Although touch screen technology is seen by many as being a relatively recent development in the arc of digital evolution, the fact is touch screen devices have been around in one form or another for a number of years now.
For instance, the first PDA devices utilised touch-based input to convert ‘handwritten’ text into typed form via a stylus. Indeed, courier companies and mail providers have been using handheld devices of this kind for many years. Touch screen technology has also been a well established feature within industrial work settings for a long time as the robust nature of touch screen monitors and PCs ensures they can withstand the often quite intense environmental conditions far more effectively than traditional keyboard-and-mouse systems.

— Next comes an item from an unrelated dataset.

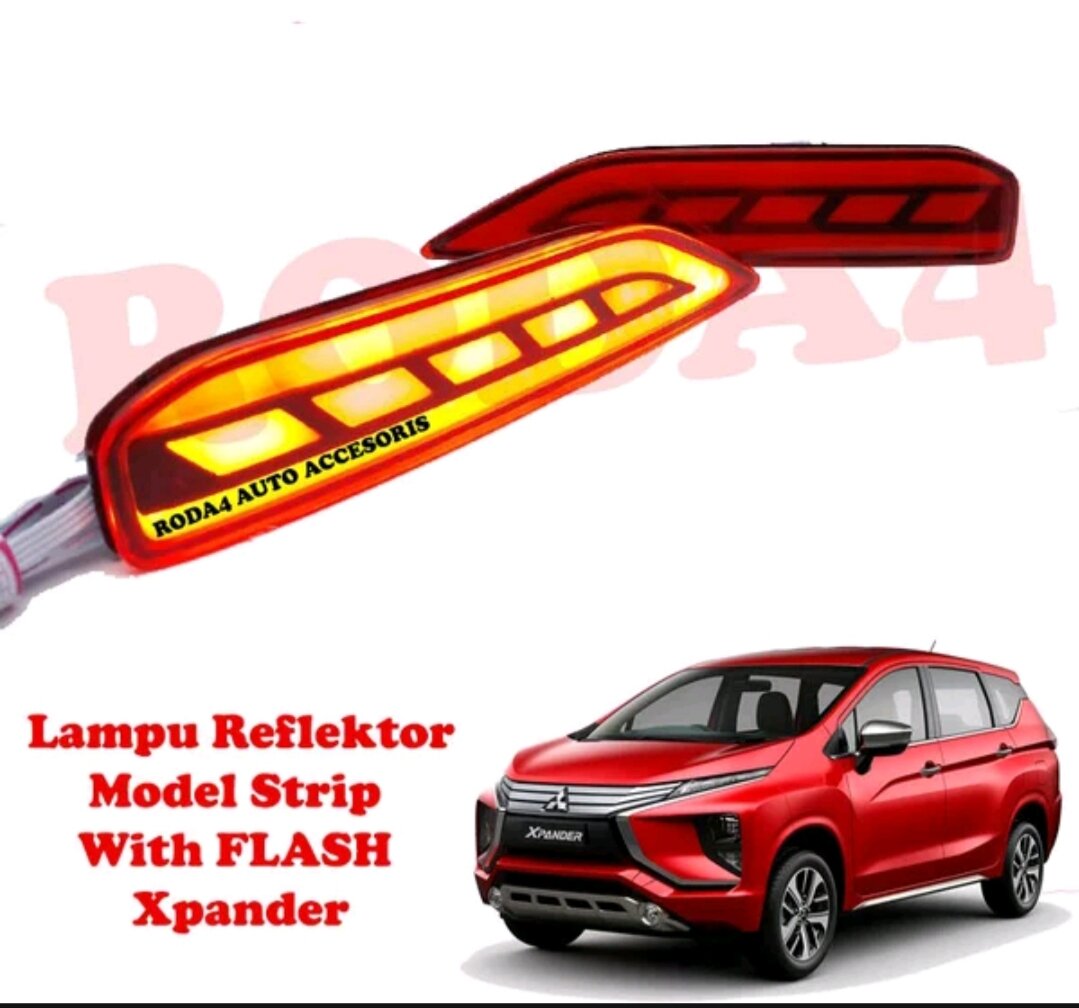 Lampu Reflektor Bumper LED Plasma Nyala Merah Mobil Mitsubishi Xpander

As successful as these applications were/are, they remained largely ‘under the radar’ and away from the gaze of general society for many years. Suffice to say, this has changed dramatically over the last decade or so. Indeed, touch screens are everywhere these days: from check-in desks at airports and reception areas in doctor’s surgeries to checkout areas in supermarkets and interactive exhibitions at museums. And, lets not forget the plethora of touch screen devices which most people in developed countries use on an everyday basis, like the smartphone and tablet PC.
Far from being ‘under the radar’ touch screen devices are now a ubiquitous, commonplace technology – in short, they are the norm.
The prevalence of touch screen technology can be seen perhaps most clearly in the workplace. As well ,as investing in touch screen monitors and PCs in offices to take take advantage of the increased efficiency and space-saving benefits they afford; many companies now install touch screen PCs in communal staff areas – such as break rooms and canteens – so that staff can access the internet when they are not working. This makes perfect sense as these PCs are ideal for heavy communal use i.e. there’s no need to worry about crisps and soft drinks getting dropped into the keyboard!
Another reason why the touch screen PC has become so popular in workplaces is that it is so easy to use. The intuitive nature of touchscreen devices is such that even people with a relatively limited understanding of computers can pick up the gist of a system and get to grips with it in a suitably short amount of time.
So why is this? Why does it seem like touchscreen technology has exploded onto the scene so recently?
Well, the main reason is that touchscreen applications are now a lot more affordable and accessible than they once were. However, it is also significant to note that modern capacitive touch screens are far more versatile and reliable than earlier incarnations and therefore they can recognise more than one touch movement at a time. This allows users to utilise a wide range of different gestures – such as ‘pinching’ and ‘swiping’ rather than just be limited to tapping a finger.